Stuart Broad, the spirit of cricket and ethics in sport
Anyone who thinks Test cricket is dead wasn’t following the events at Trent Bridge over the last five days. The first of ten Ashes Tests spread over two series was so outrageously unpredictable that if it had been proposed as a screenplay, it would have been rejected as too implausible and lacking in direction. But that’s exactly why I love sport.

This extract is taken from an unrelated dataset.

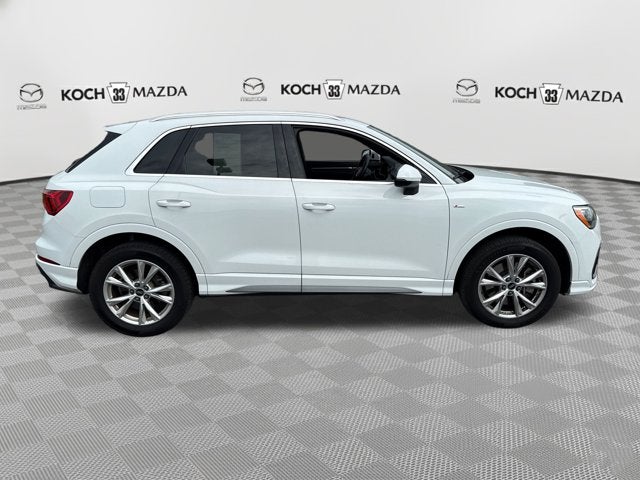 2022 Audi Q3 Premium S Line quattro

Now that the match is over and my pulse has returned to something approaching a normal level, I hope it’s possible to examine the controversial events of Friday evening calmly and dispassionately. For the benefit of anyone who wasn’t following the match or just doesn’t care about cricket, England’s Stuart Broad nicked a ball and was caught, via the wicket keeper’s gloves, at slip. Out. His innings was over. But he didn’t walk, and the umpire, for reasons best known to himself, didn’t give him out. Australia were furious, but Broad batted on, adding sufficient runs to make the difference between the teams at the end of the match.
In the wake of this, various people of a Bufton Tuftonish tendency spoke of their disgust that an Englishman wouldn’t walk in such a situation, owning up to having hit the ball and saving the umpire the possibility of an embarrassing mistake. The mythical spirit of cricket was usually invoked (ask W.G.Grace about that), and some went so far as to say that they hoped Australia would win the match, or even the series, rather than such behaviour being allowed to prosper.
The irony of this last wish is particularly amusing. In fact, Australia’s captain, Michael Clarke, was guilty of a virtually identical misdemeanour (if misdemeanour it was) in the previous Ashes series in 2010/11, when batting to save the match in Adelaide. He also attempted to have his dismissal yesterday reviewed, when it was clear that he hit it. And most ironic of all, the very last act of the entire match involved a video review of a thin nick by Brad Haddin, an Australian batsman who didn’t walk.
“But they do it too” isn’t a strong ethical defence in general (although it’s a good reason not to switch your allegiance based on an incident like this), but in the case of sport, it’s possibly a rather better argument, as ethics are determined by a combination of the rules, culture and other players. I once had a teacher who complained that all footballers are cheats because whenever the ball goes out of play from a challenge, both players invariably appeal for the throw-in. From a narrow perspective, he had a point, but no footballer would agree with his assessment – that’s just how the game’s played, an unspoken addendum to the laws of the game. No one feels cheated – no harm, no foul.
Cricketers are also more or less united these days in their acceptance that a batsman has the right to stand his ground. Sometimes you’ll be given out lbw even though you know you hit it, runs the argument, so why should you incriminate yourself when there’s a chance to even up the scores a little? What caused such consternation over Broad’s non-dismissal, unlike Clarke and Haddin, was that he got away with it. But the reason why he got away with it is, I believe, key to the shift away from the fabled spirit of cricket.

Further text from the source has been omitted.